Demain après-midi, le ministre canadien des Finances, Jim Flaherty, lira son discours du budget à la Chambre des communes sans savoir s'il sera adopté un jour. Le scénario politique le plus plausible étant que les partis de l'opposition le rejetteront pour déclencher des élections générales.

Il y a là un paradoxe. Rien ne permet de croire que ce budget puisse contenir des éléments qui justifient le renversement du gouvernement conservateur, ni qu'il contiendra des idées scandaleuses ou des mesures inacceptables. Ce sera plutôt, en toute logique, le prolongement d'une démarche économique et financière qui a déjà été définie dans le budget du printemps dernier, et que la Chambre des communes n'avait pas rejetée.

Le budget de M. Flaherty sera donc une victime collatérale du climat politique, de l'alignement des astres qui amène les quatre partis à conclure que le temps est venu pour un autre affrontement électoral. D'autres enjeux justifieraient davantage que les partis de l'opposition chassent les conservateurs, comme tout ce qui touche à l'intégrité et au respect de l'institution parlementaire. Dans ce contexte, le budget n'est rien d'autre qu'un prétexte.

Le fait que le contenu du budget conservateur ne soit pas vraiment l'enjeu explique pourquoi les débats qui l'entourent sont parfaitement surréalistes. Les conditions posées par les partis de l'opposition pour donner leur appui au budget sont bien davantage des slogans, des formules pour renforcer le «branding» de chacun des partis avant la campagne que l'on sentait venir.

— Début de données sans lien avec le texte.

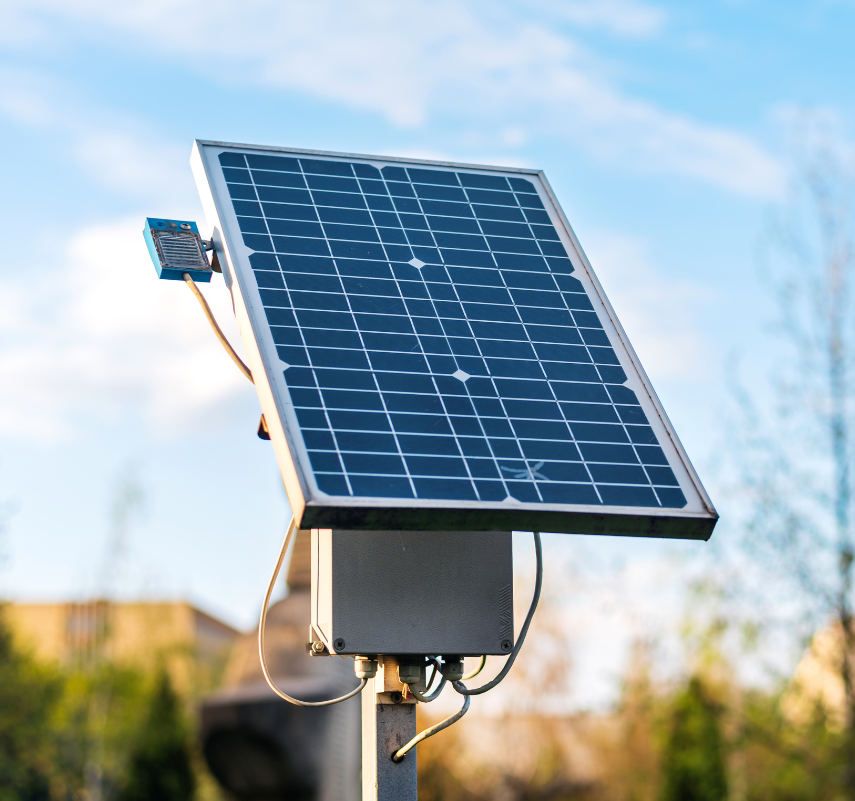 top rated best solar company in jaipur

La marque libérale, c'est le retour au centre. Et la façon de l'illustrer, c'est une objection vigoureuse à une autre baisse de l'impôt sur les profits des sociétés qui, après être passé de 18,5% à 16,5% cette année, baissera de 16,5% à 15% en janvier prochain. Pas pour des raisons idéologiques: l'idée de cette baisse vient de Paul Martin et les libéraux ne se sont pas opposés non plus à cette mesure annoncée par les conservateurs il y a trois ans. Les libéraux croient plutôt que ce n'est pas le moment de baisser cet impôt quand on sabre les services pour réduire le déficit. Ce débat sur le «timing» de cette mesure fiscale constitue un enjeu bien mince pour provoquer des élections, mais il sert à présenter Michael Ignatieff comme un allié des familles ordinaires et un ennemi du grand capital.

La marque néo-démocrate, c'est le populisme de gauche. Jack Layton ne fait plus de l'impôt sur les profits un enjeu électoral. Sa condition pour appuyer le budget est maigrichonne, ce qui illustre le peu d'appétit du NPD pour une campagne. Il s'agit de l'abolition de la TPS sur les factures de chauffage. Ce petit cadeau pour les démunis s'inscrit dans une lecture très étrange que M. Layton fait du contexte économique, lorsqu'il affirme que les Canadiens souffrent encore de la récession.

La marque bloquiste est toujours la même, la défense des «intérêts» du Québec. Gilles Duceppe appuiera le budget conservateur si le Québec reçoit son dû, avec une longue liste d'épicerie de 5 milliards de dollars, qui remonte même aux dépenses de la crise du verglas en 1998. Elle comporte un élément nouveau, les 2,2 milliards pour l'harmonisation de la TVQ, qui se réglera sans doute sans l'aide du Bloc québécois.

Et la marque conservatrice? M. Flaherty aurait pu se borner à défendre sa gestion. Mais non. Partisan à l'extrême, le ministre affirme qu'une coalition Ignatieff-NPD-Bloc québécois détruirait le pays. Rien de moins.

Morale de l'histoire? Le budget sera sans doute le point de départ d'une campagne électorale. Mais cela ne signifie pas pour autant que la campagne nous réserve un débat intelligent et éclairé sur les grands enjeux économiques.